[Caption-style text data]
= = = = = = =

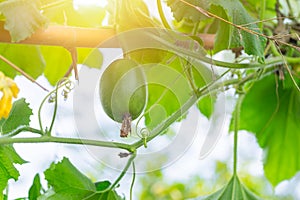 Baby sprout of Pumpkin tree vine plant green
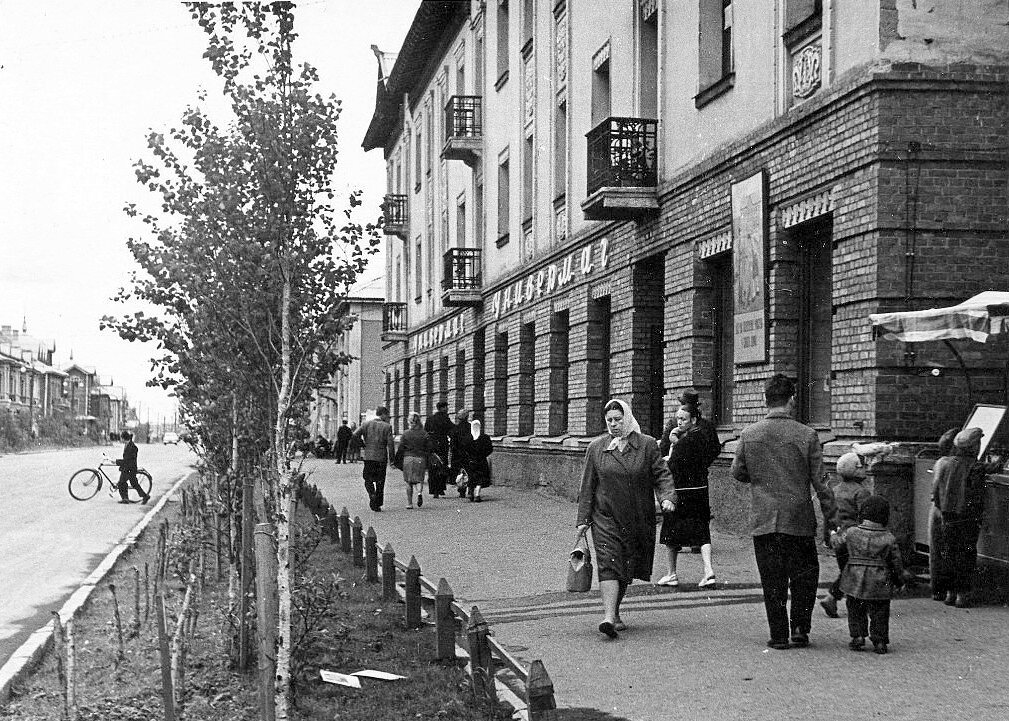 Молодые деревья на улице Кирова. Фото из фондов "Интинского краеведческого музея"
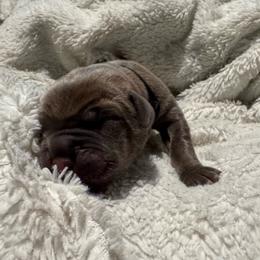 Black collar - Gray and fawn female Cane Corso puppy in Williamstown, Kentucky from Ridge Top Cane Corso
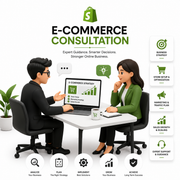 E-commerce Consultation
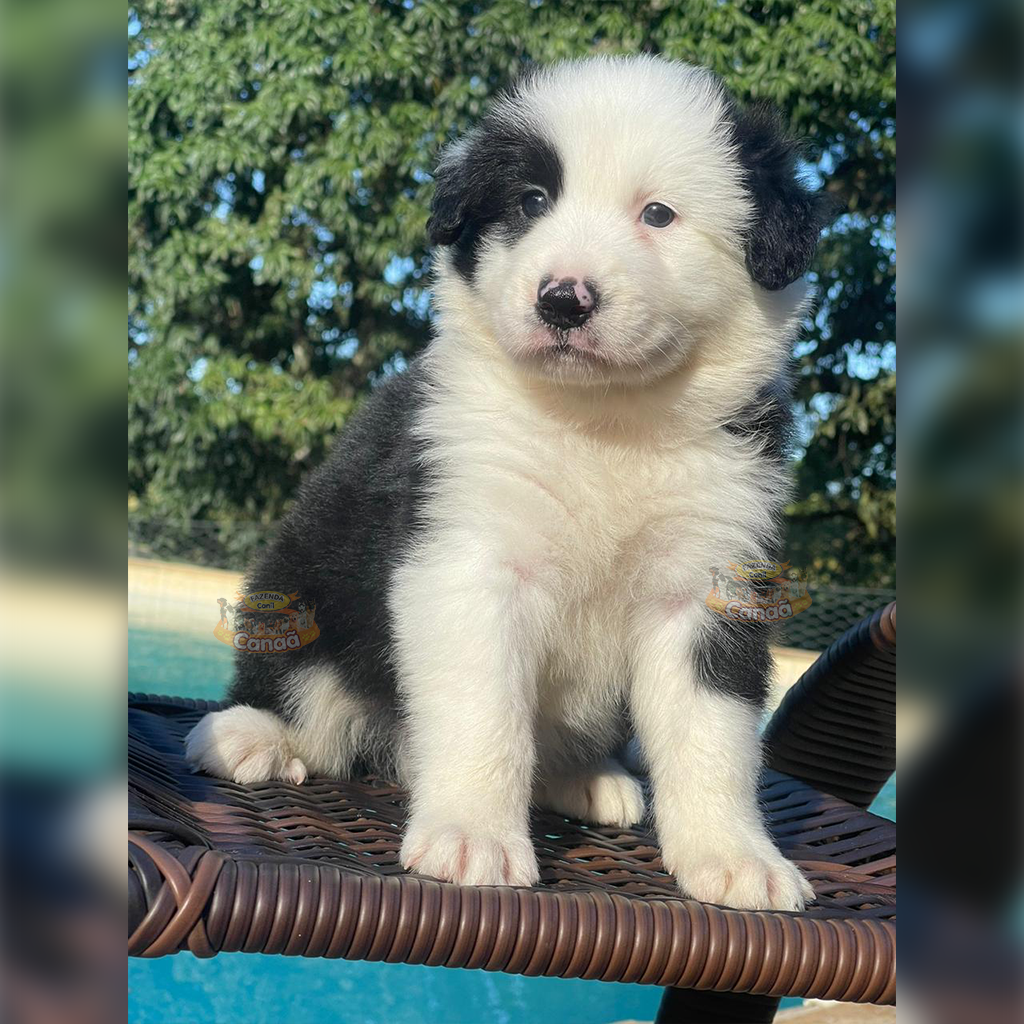 Linda ninhada de Border Collie Blue Merle tricolor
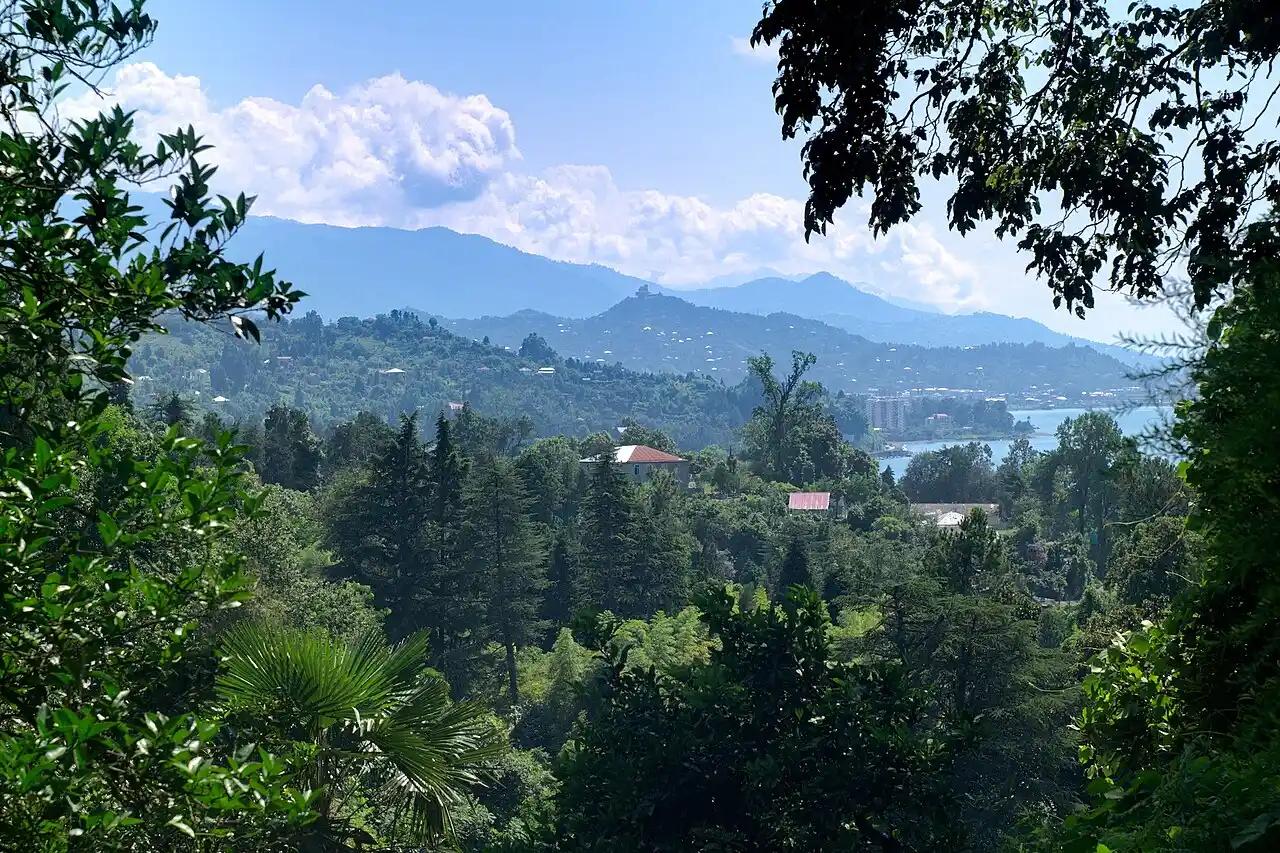 Green hillside view over Makhinjauri and Batumi bay through trees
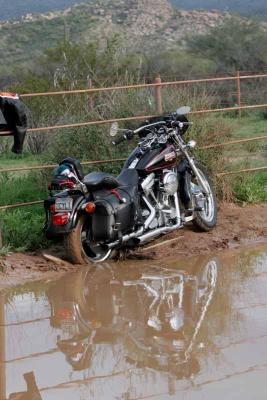 Sometimes The FXR Thinks Its a Dirt Bike!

= = = = = = =

▶ TASK GOAL: Copy the records word for word, leaving no picture in the copy.

▶ YOUR RESPONSE:
 Baby sprout of Pumpkin tree vine plant green
 Молодые деревья на улице Кирова. Фото из фондов "Интинского краеведческого музея"
 Black collar - Gray and fawn female Cane Corso puppy in Williamstown, Kentucky from Ridge Top Cane Corso
 E-commerce Consultation
 Linda ninhada de Border Collie Blue Merle tricolor
 Green hillside view over Makhinjauri and Batumi bay through trees
 Sometimes The FXR Thinks Its a Dirt Bike!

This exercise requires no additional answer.